例として、ユニットバスは現代のニーズに合わないため、それを分離しリフォームすることで、より多くの入居希望者の関心を引き付けることができます。
さらに、壁紙や床材を更新し、例えば若い女性の好みに合わせたデザインに変更することで、特定の層にアピールする物件にすることができます。
新築マンションと比較してもコストが低い
中古マンションの購入コストは、一般的に新築マンションよりも低いのが特徴です。
新築物件は初めからの需要が高い一方で、購入価格は高めで、その後の価格下落リスクも大きいです。
これに対して、中古マンションを購入し、リフォームを施すケースを検討すると、多くの場合、全体の費用を新築物件の購入よりも節約できます。
取得費用が区分マンション投資の主な支出であることを考えると、この節約は大きなメリットとなります。
さらに、多くの中古マンションは利便性が高い立地に存在し、人気エリアには既に多数の中古マンションが存在するため、新築物件よりも賃貸需要の高い投資物件を見つけやすくなります。
したがって、新築物件の立地条件が不利な場合、良い立地の中古マンションをリフォームして投資する方が有益なケースが考えられます。
マンション投資リフォームのデメリット
反対に、マンション投資でリフォームを行った場合は、以下のデメリットが発生する恐れがあります。
- ローンを組みづらい
- 想定より金額が膨らむ可能性がある
- 構造や規約上の制限
ローンを組みづらい
中古マンションのリフォームにおいて、融資を受ける場面でのハードルは新築物件と比較して高いことが一般的です。
積算評価の低さから、融資の取得が難しくなることや、条件が厳格になるケースも少なくありません。
さらに、リフォーム費用を不動産投資ローンで賄うことは難しい場合が多く、自己資金の準備が困難な際は、住宅ローンよりも条件が厳しいリフォームローンの適用を考慮しなければなりません。
キャッシュフローへの影響も増大する可能性があるため、ローンの詳細条件を検討しつつ、収支のシミュレーションを行い、賢明な投資判断を下すことが重要です。
想定より金額が膨らむ可能性がある
中古マンション投資には、経年劣化に伴う修繕の必要性が増加し、築年数が経つほど修繕を要する箇所や頻度は高まる可能性が。

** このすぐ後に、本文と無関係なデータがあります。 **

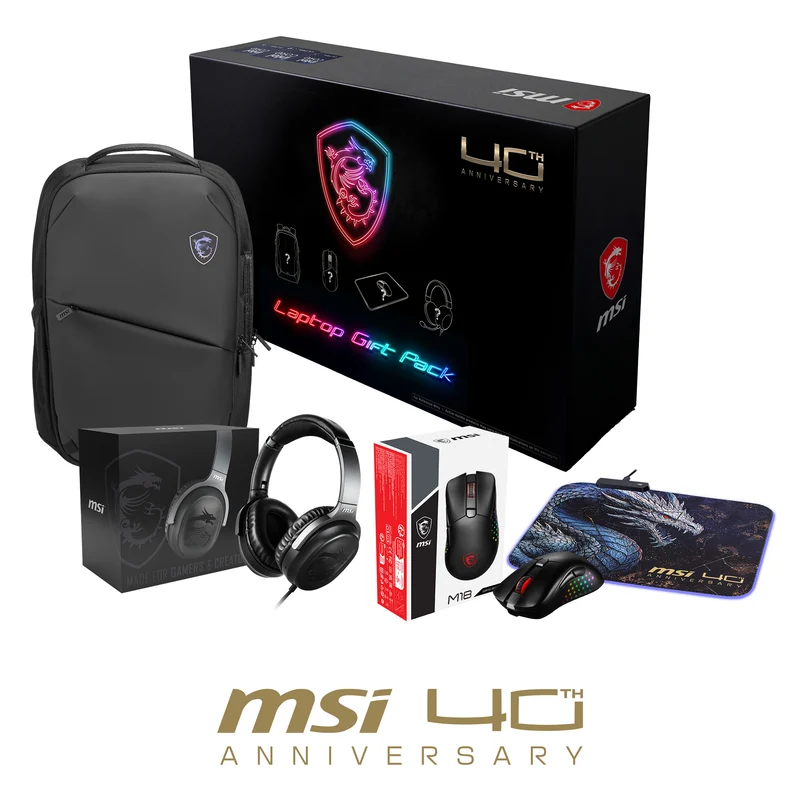 MSI Laptop Titan 18 HX A2WJ-1087DE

一見問題ないように見えても、経年劣化による排水管のダメージなどが後から明らかになることもあります。
特に水漏れや耐久性に関わる問題は、放置すると安全上のリスクが伴い、このような場合は予想以上の修繕費用が発生する可能性があるため注意が必要です。
購入前に、中古マンションの経年劣化の状況や過去の修繕履歴を確認することは大切です。
さらに、専門業者による建物の詳細な調査を行うことで、将来的なリスクを低減できるでしょう。
構造や規約上の制限
リフォームを考える際、建物の構造的な制約や存在する柱や梁などで変更が難しい部分も存在します。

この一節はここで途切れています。